Grapefruit mercaptan is the common name for a natural organic compound found in grapefruit.  It is a monoterpenoid that contains a thiol (also known as a mercaptan) functional group. Structurally a hydroxy group of terpineol is replaced by the thiol in grapefruit mercaptan, so it also called thioterpineol. Volatile thiols typically have very strong, often unpleasant odors that can be detected by humans in very low concentrations. Grapefruit mercaptan has a very potent, but not unpleasant, odor, and it is the chemical constituent primarily responsible for the aroma of grapefruit.  This characteristic aroma is a property of only the R enantiomer.

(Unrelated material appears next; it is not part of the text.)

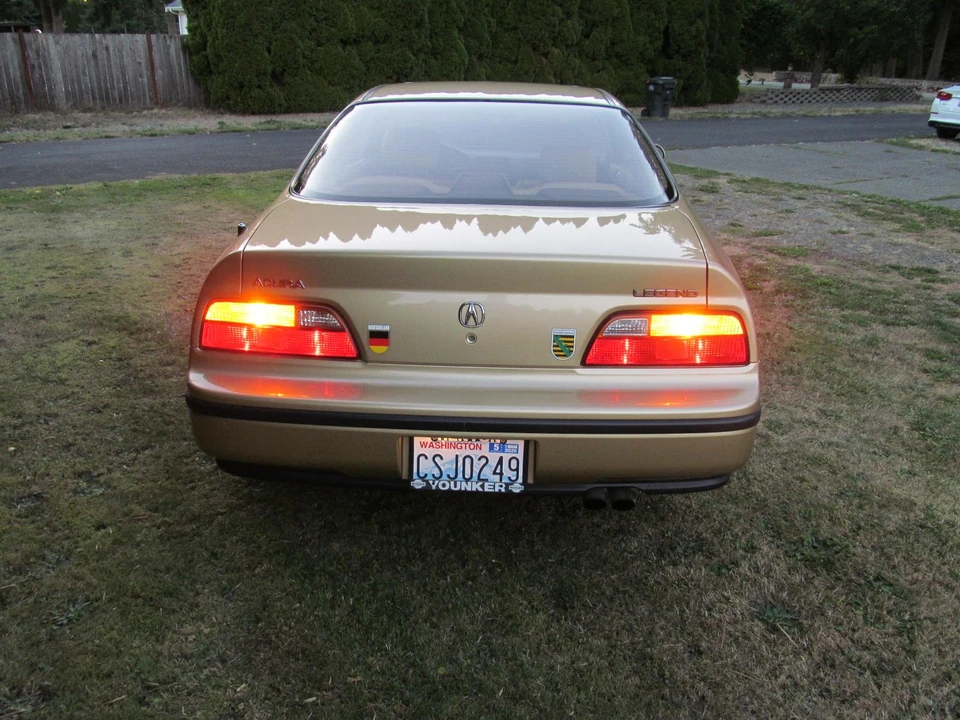 1991 Acura Legend 2nd Gen - Image 14 of 31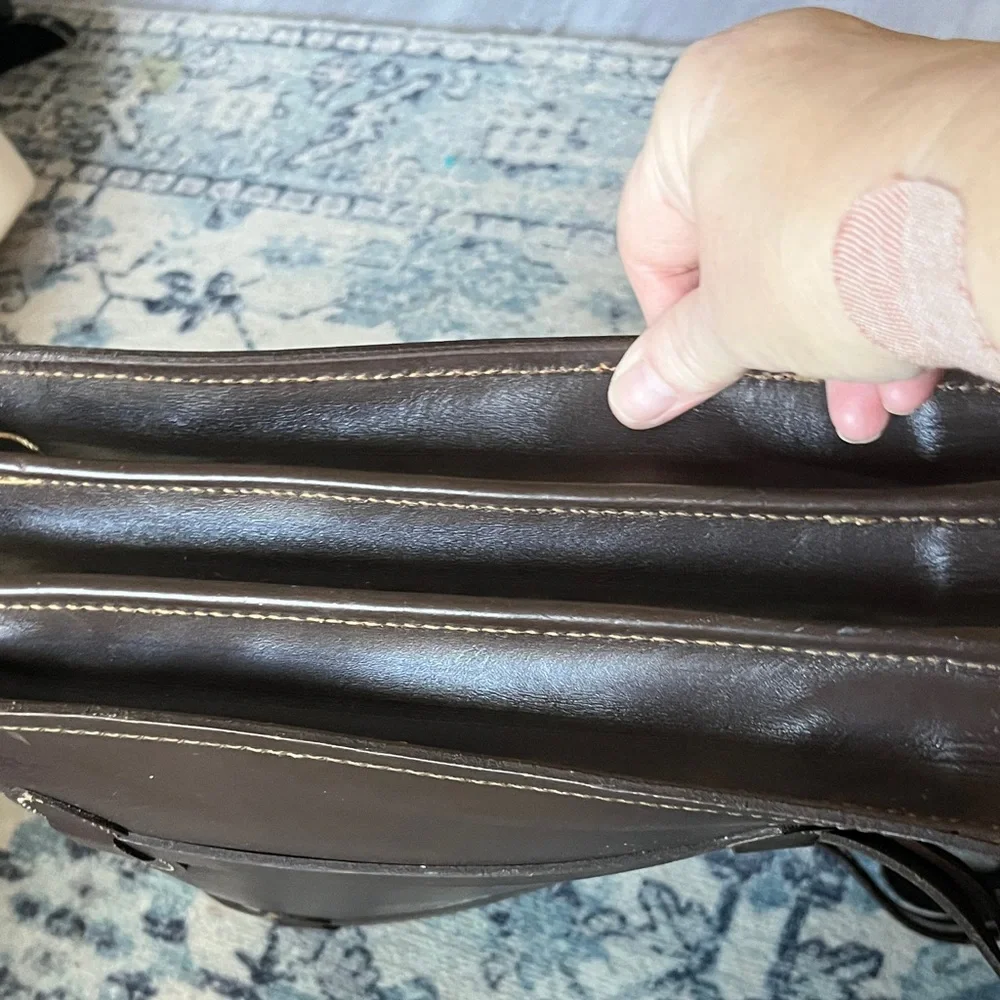 Vintage WW 11 US Army Issue Type V 297 -1507 V Classic Leather Briefcase UNISEX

Pure grapefruit mercaptan, or citrus-derived oils rich in grapefruit mercaptan, are sometimes used in perfumery and the flavor industry to impart citrus aromas and flavors. However, both industries actively seek substitutes for grapefruit mercaptans for use as a grapefruit flavorant, since its decomposition products are often highly disagreeable to the human sense of smell.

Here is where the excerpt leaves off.